Après l’annexion illégale de la Crimée en mars 2014, l’État ukrainien a décidé de décoloniser cette mémoire en adoptant en 2015 le 8 mai comme « Journée de mémoire et de réconciliation » : comme en Europe occidentale, on célèbre la paix retrouvée, pas l’héroïsme sanglant.
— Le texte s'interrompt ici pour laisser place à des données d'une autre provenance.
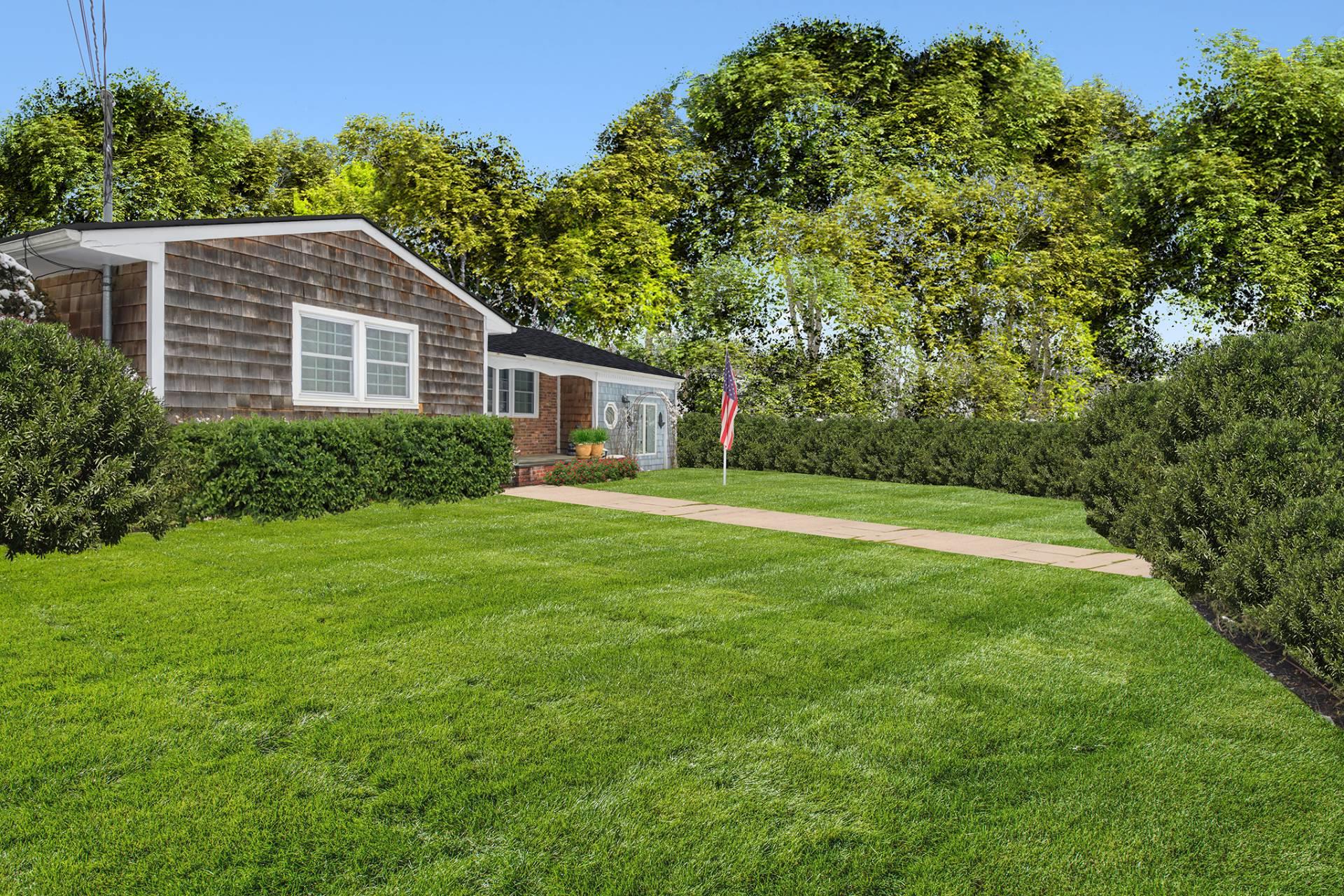 8 Atlantic Avenue, Hampton Bays, NY 11946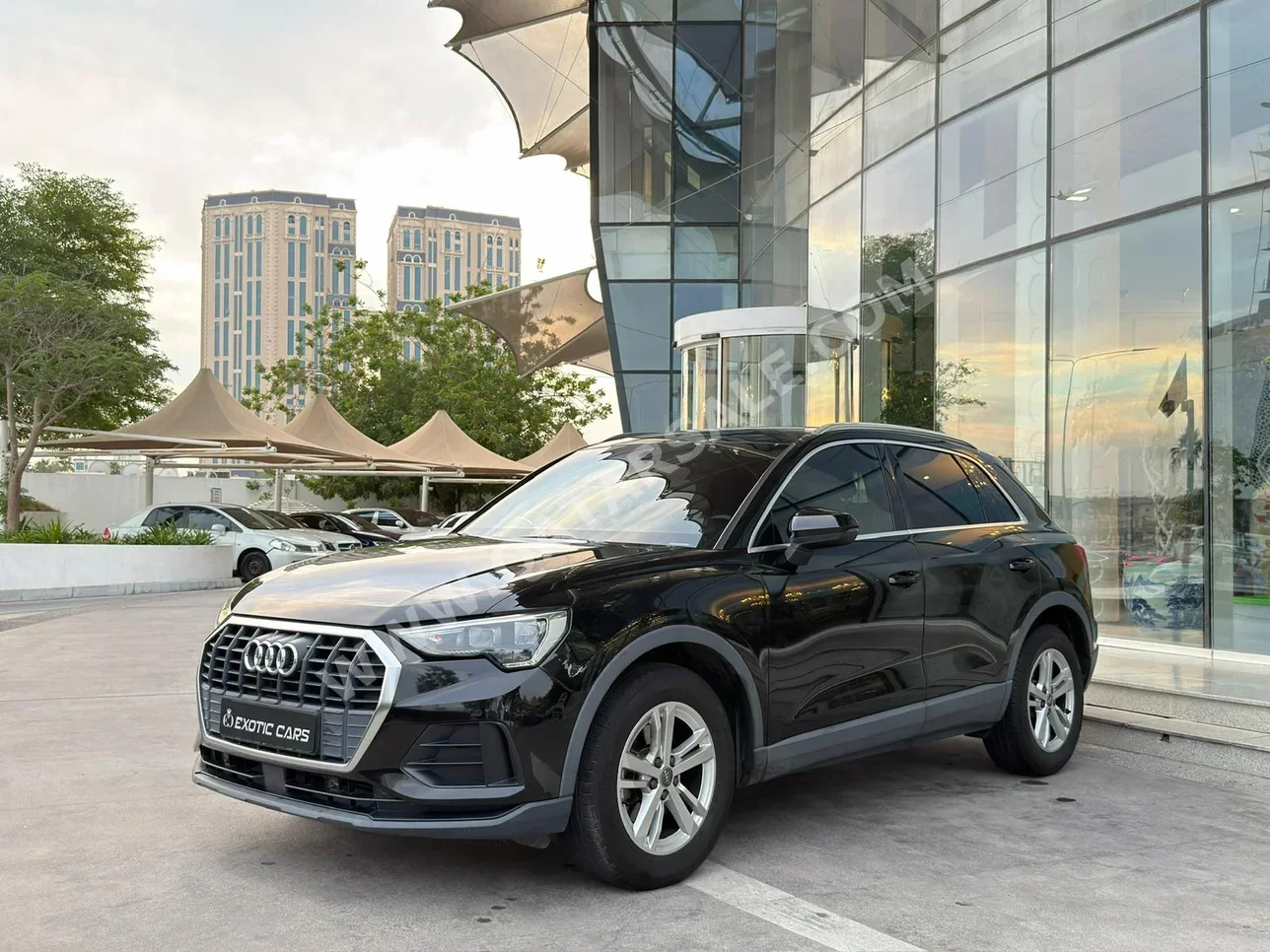 اودي كيو 3 35 تي اف اس اي 2020 اوتوماتيك 103,000 كم 6 سلندر دفع رباعي اس يو في أسود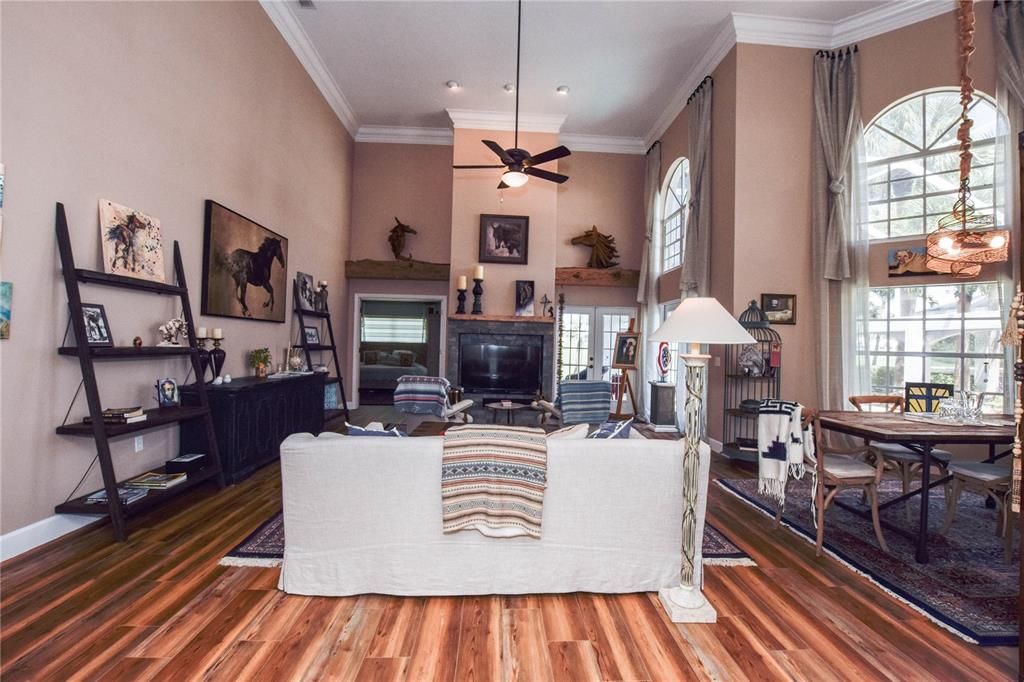 Dining room, Interior, Living room, Recessed Lighting, Wood Texture Flooring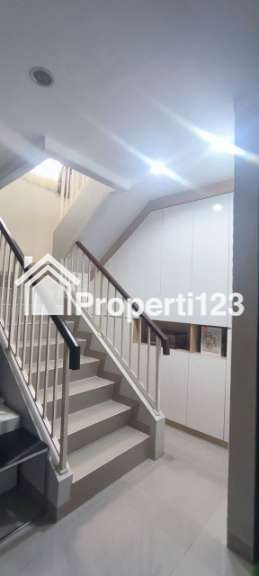 Rumah nyaman full furnished di The Villas Serpong - 7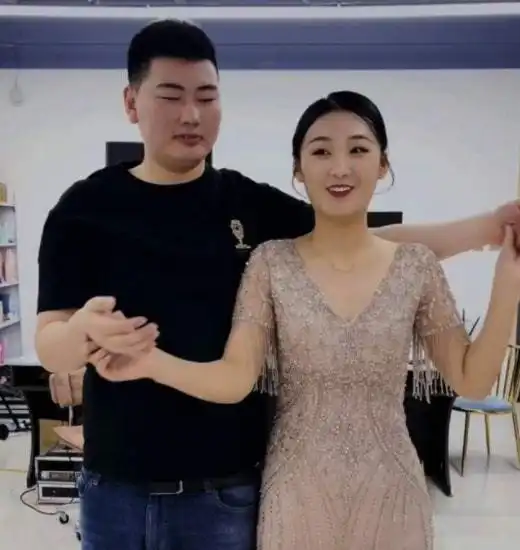 陈亚男赢得婆婆支持,回老家比胜利手势,朱小伟看似很不情愿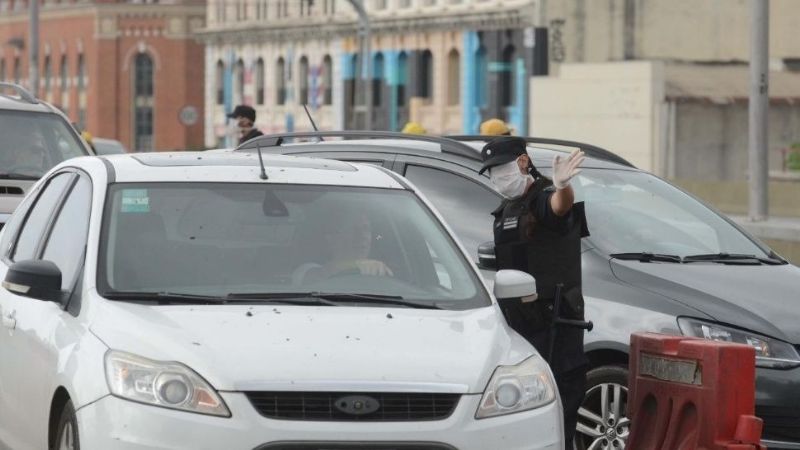 Unas 15 mil personas demoradas por violar el aislamiento en todo el país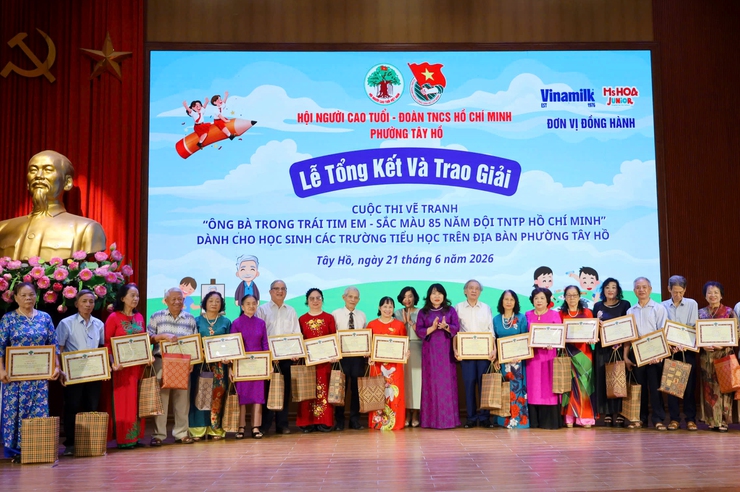 Phường Tây Hồ trao giải cuộc thi vẽ tranh “Ông bà trong trái tim em - Sắc màu 85 năm Đội Thiếu niên tiền phong Hồ Chí Minh”- Ảnh 3.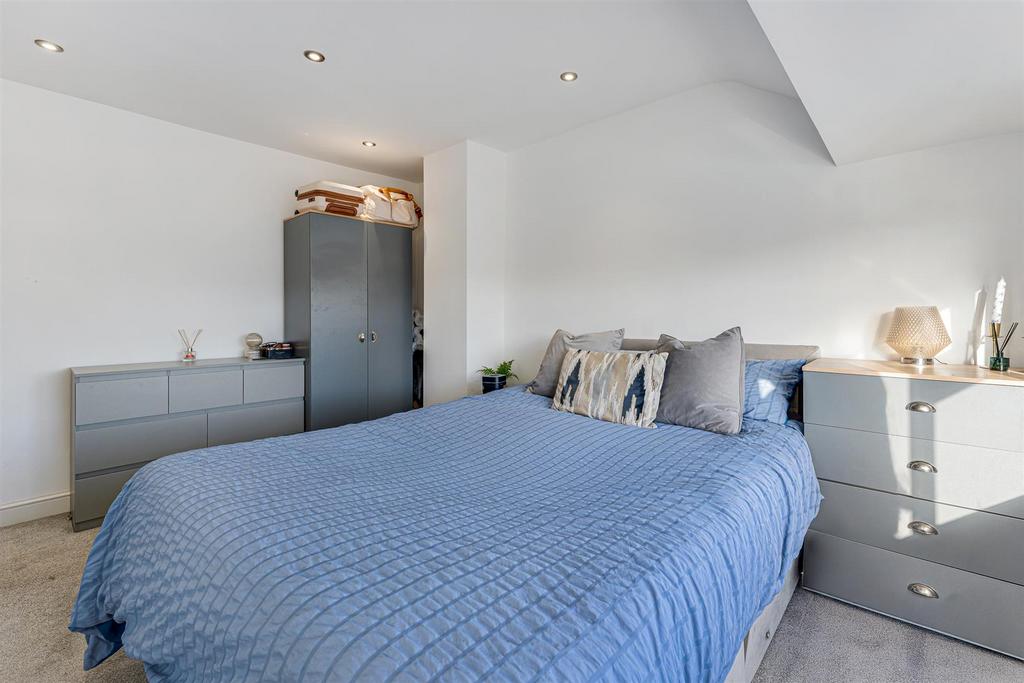 33 amanda Road bedroom 1 2.jpg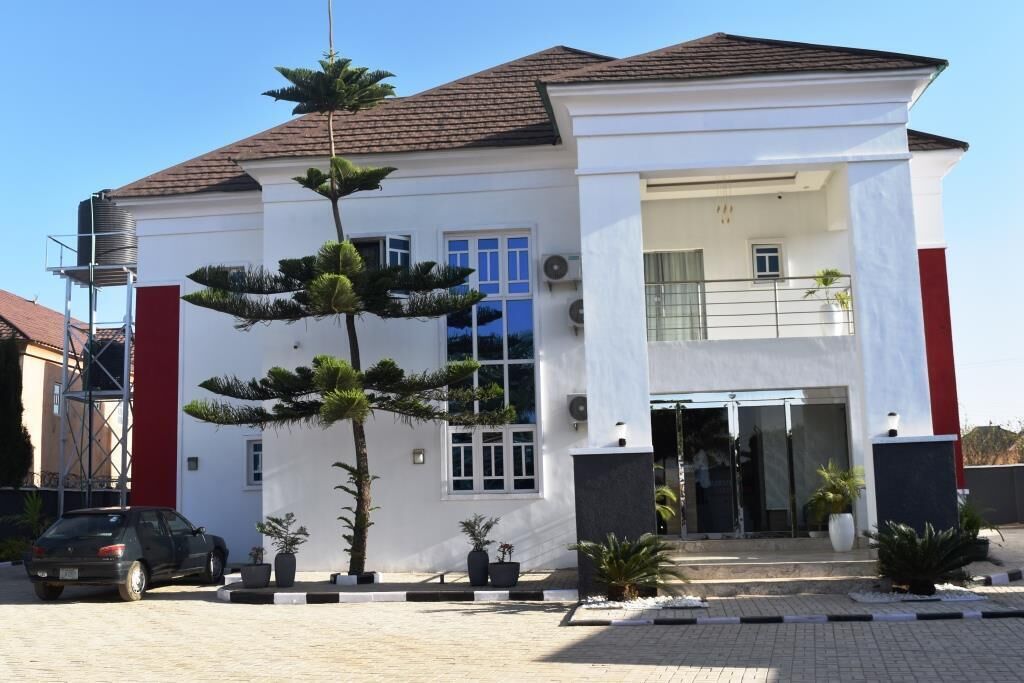 Hotel by Luxury Lauberge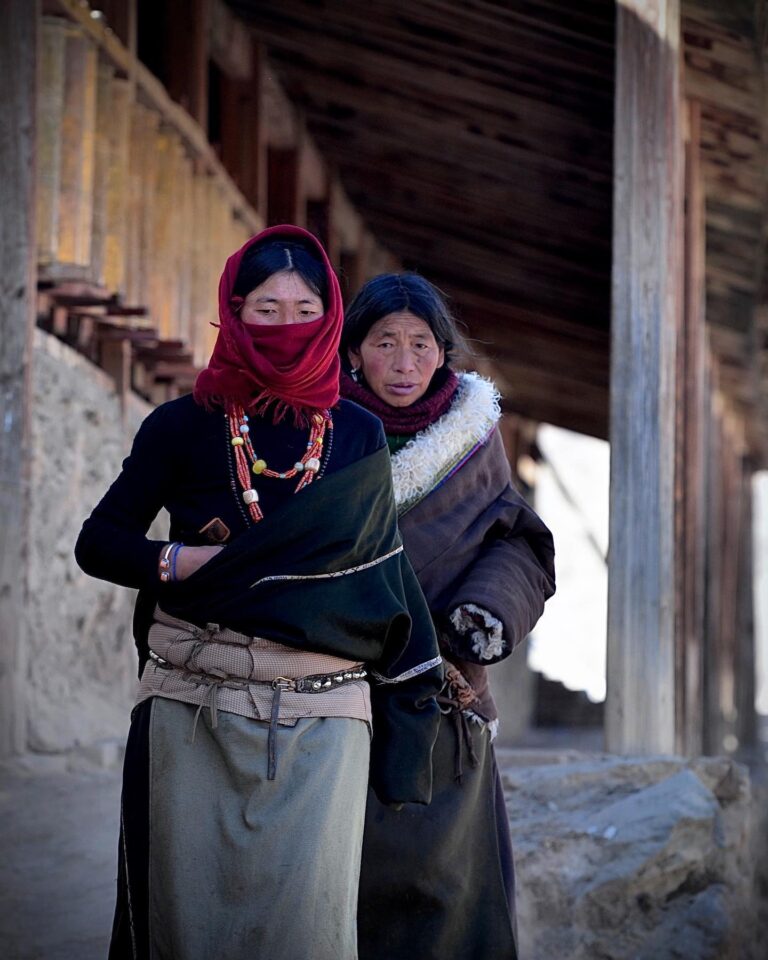 Tibetan women after spinning prayer wheels around the Langmu Monastery (སྟག་ཚང་ལྷ་མོ་ 郎木寺), Gansu, China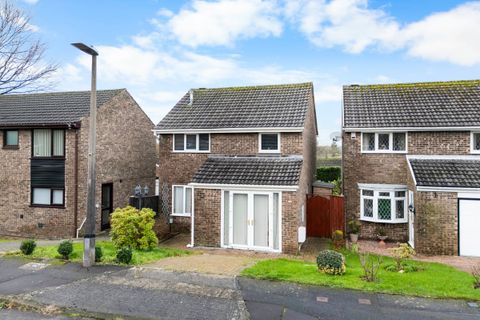 Glanymor Park Drive, Swansea SA4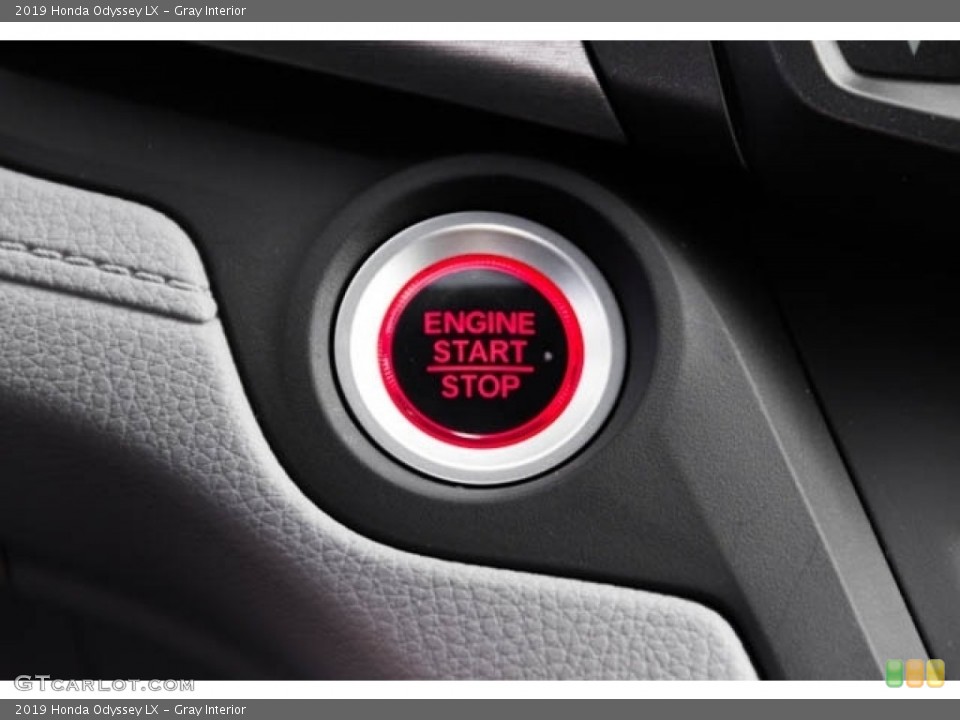 Gray Interior Controls for the 2019 Honda Odyssey LX #129730585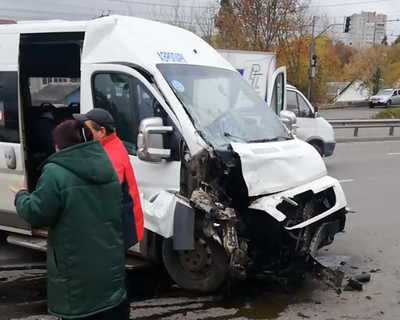 Серьезная авария с маршруткой произошла в Брянске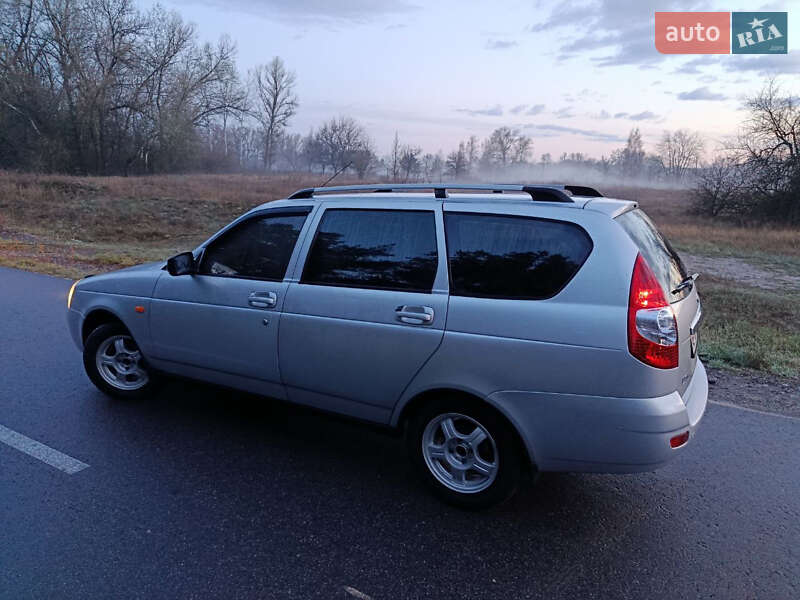 Универсал ВАЗ / Lada 2171 Priora 2011 в Петриковке фото 3 Универсал ВАЗ / Lada 2171 Priora 2011 в Петриковке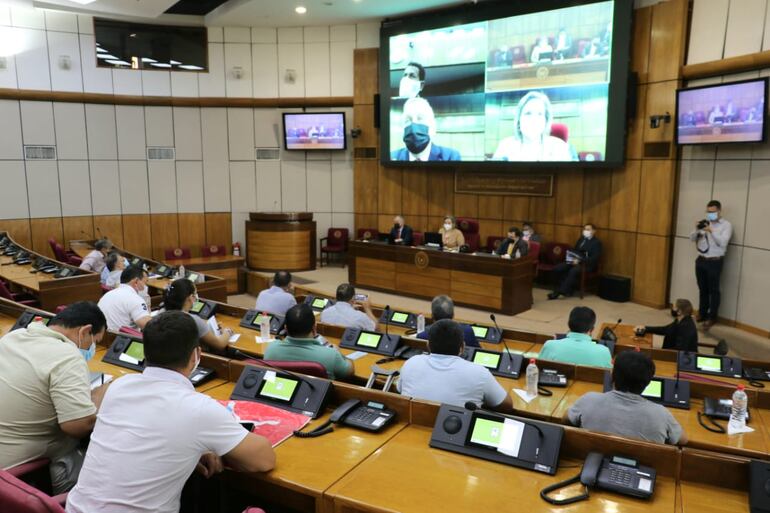 Reunión de dirigentes de organizaciones campesinas y de pequeños productores con el ministro de Agricultura y Ganadería, Moisés Bertoni.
Pour ne pas désorienter la population, le 9 mai a toutefois été maintenu férié comme « jour de la victoire sur le nazisme en Europe ». Même en France, où Regards est devenu indépendant du P.C.F. (parti communiste français), il demeure compliqué de déstaliniser la mémoire du conflit et de faire comprendre que le dictateur soviétique n’a pas seul sauvé l’Europe des griffes nazies, mais a surtout causé par ses décisions des millions de morts directes chez les militaires et chez les civils – notamment les peuples déportés victimes de génocide, comme les Tchétchènes et le Tatars de Crimée. La réécriture moscovite de l’histoire a aussi pour conséquence que la date du 7 mai est désormais totalement oubliée - sauf peut-être à Reims. 

L’ancienne école au 3, rue Godinot, a été transformée en un Musée de la reddition. Il perpétue une mémoire locale pesant peu face à l’ombre portée du Kremlin, hier sur l’Europe occupée et soviétisée, aujourd’hui sur un ancien empire en voie de décolonisation.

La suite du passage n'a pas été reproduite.